→ YOUR ASSIGNMENT: Would you retype, word for word, only the lines from the one holding "Audi RS6, Perfo" through the final line of the entries below, without the pictures?

→ DATA PROVIDED:

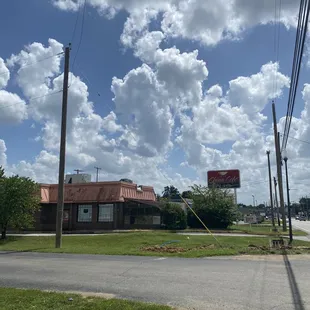 a view of the outside of a chinese restaurant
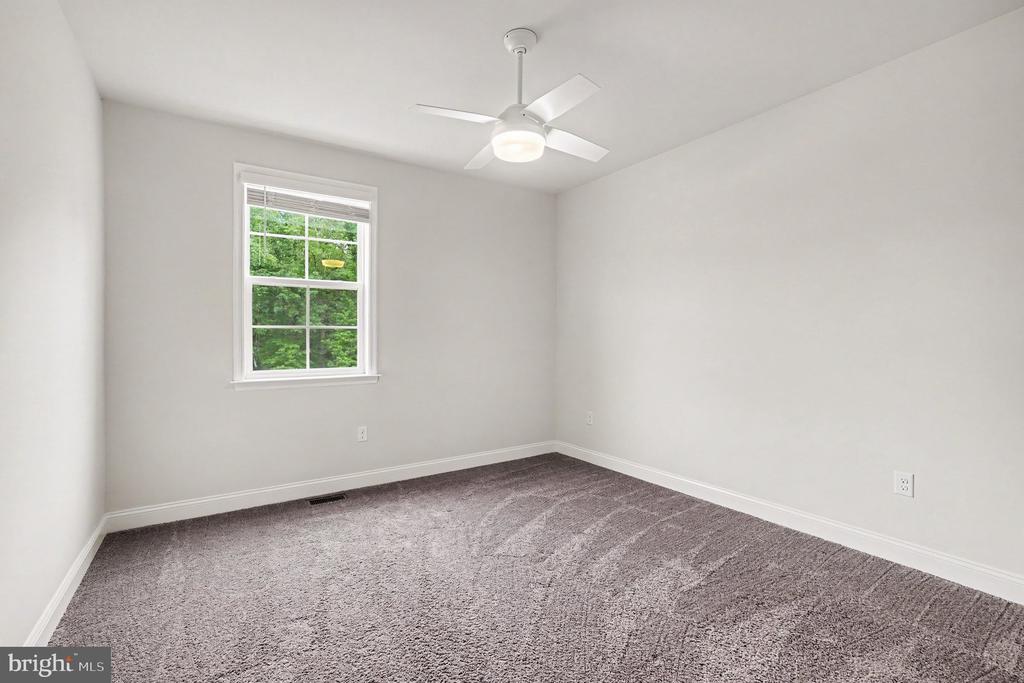 119 OLD OAKS COURT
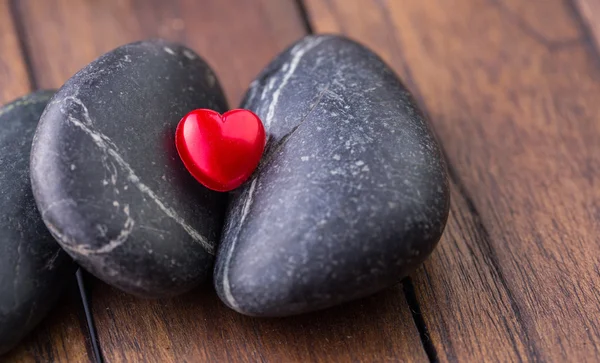 Zen Stone and Valentine Heart — Stock Photo, Image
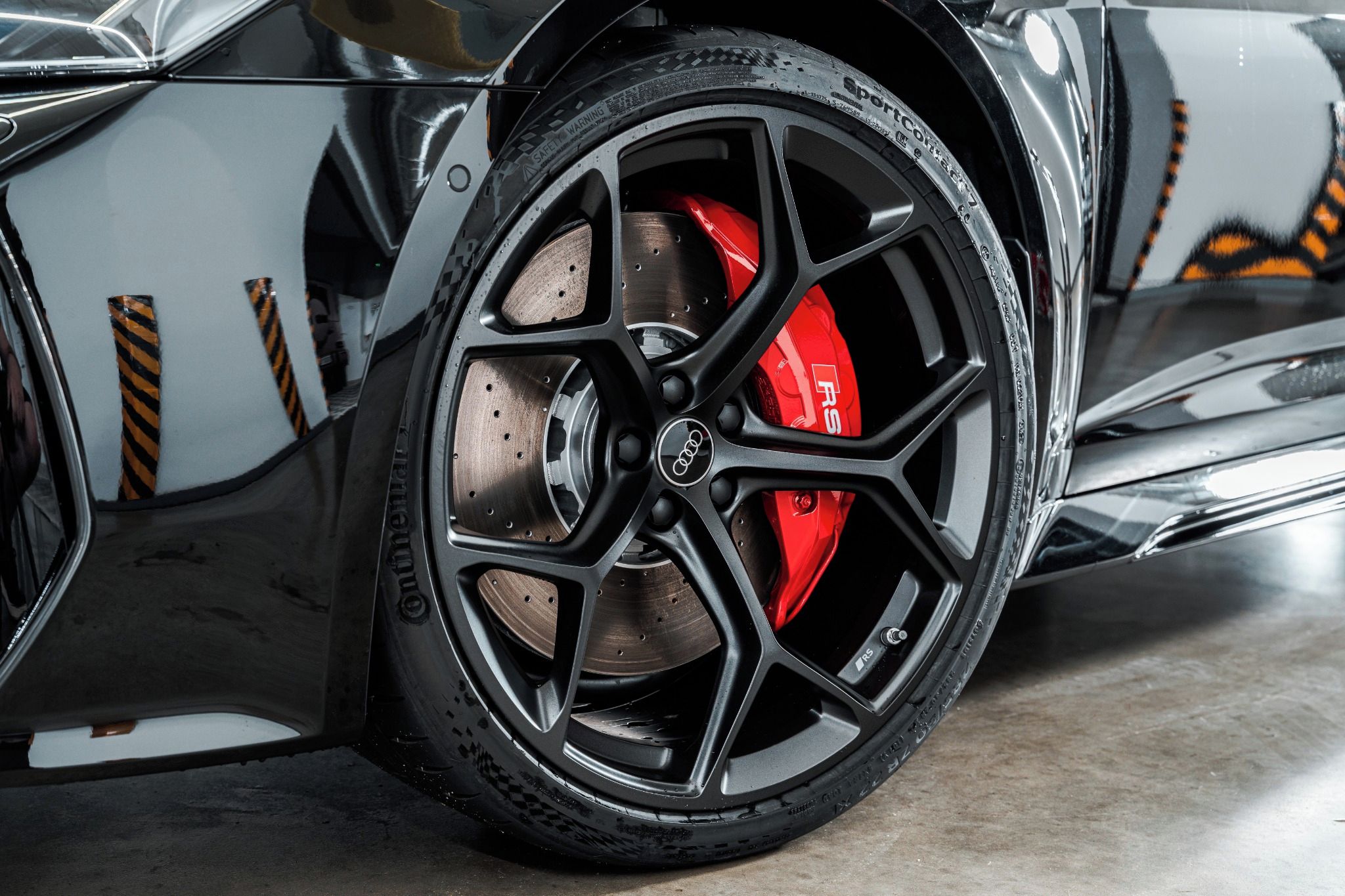 Audi RS6, Perfo - ČR*DPH*B&O*PPF*NOVÉ - fotka 5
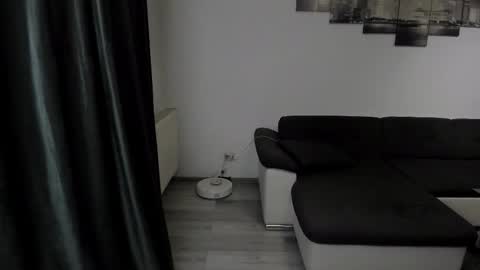 RichardDarell online show from November 4, 2025, 5:28 am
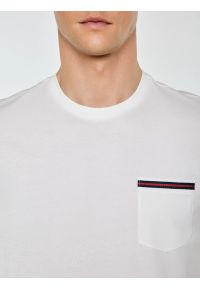 Big-Star - Koszulka męska z kieszonką biała Toms 100. Okazja: na co dzień. Kolor: biały. Materiał: dzianina, bawełna. Wzór: aplikacja. Styl: casual #4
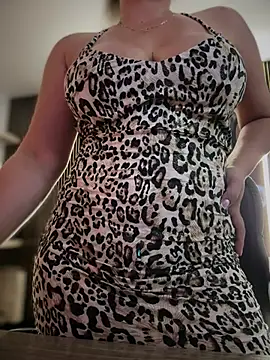 ValeryGreyのライブXXXチャット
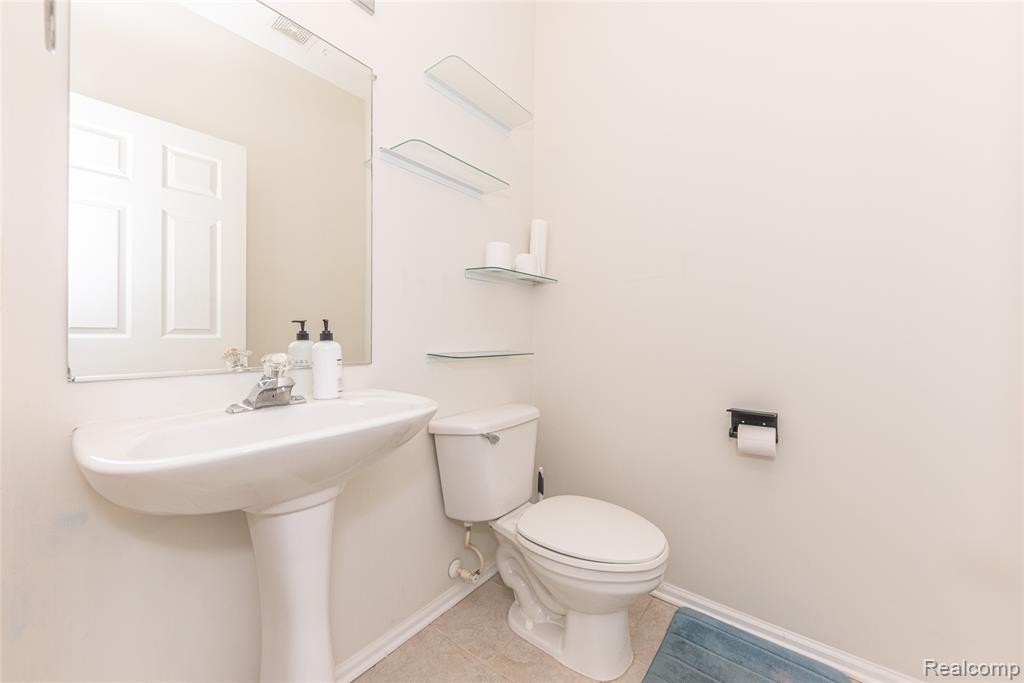 41861 Yeats Drive, Novi, MI — Photo 8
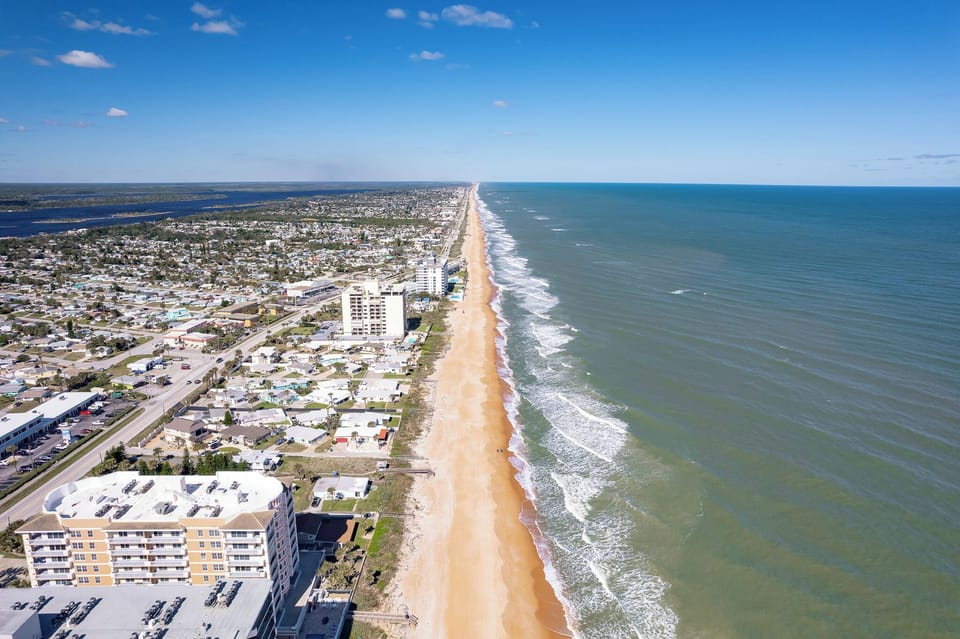 4 min walk to beautiful Ormond Beach, come and enjoy it!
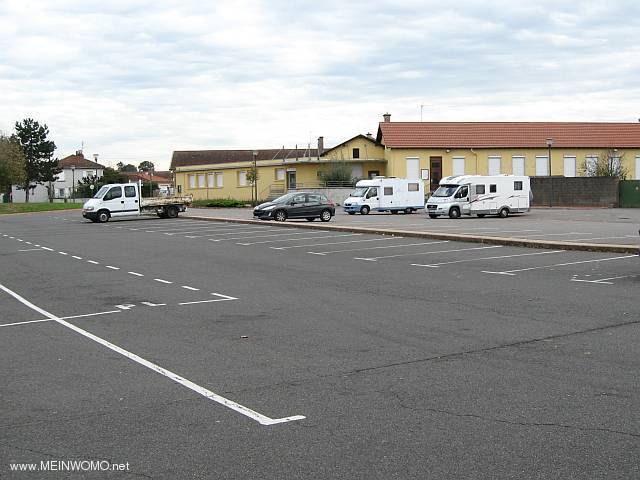  Parking space available on the market (Nov 2012)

→ RESPONSE AREA:
 Audi RS6, Perfo - ČR*DPH*B&O*PPF*NOVÉ - fotka 5
 RichardDarell online show from November 4, 2025, 5:28 am
 Big-Star - Koszulka męska z kieszonką biała Toms 100. Okazja: na co dzień. Kolor: biały. Materiał: dzianina, bawełna. Wzór: aplikacja. Styl: casual #4
 ValeryGreyのライブXXXチャット
 41861 Yeats Drive, Novi, MI — Photo 8
 4 min walk to beautiful Ormond Beach, come and enjoy it!
  Parking space available on the market (Nov 2012)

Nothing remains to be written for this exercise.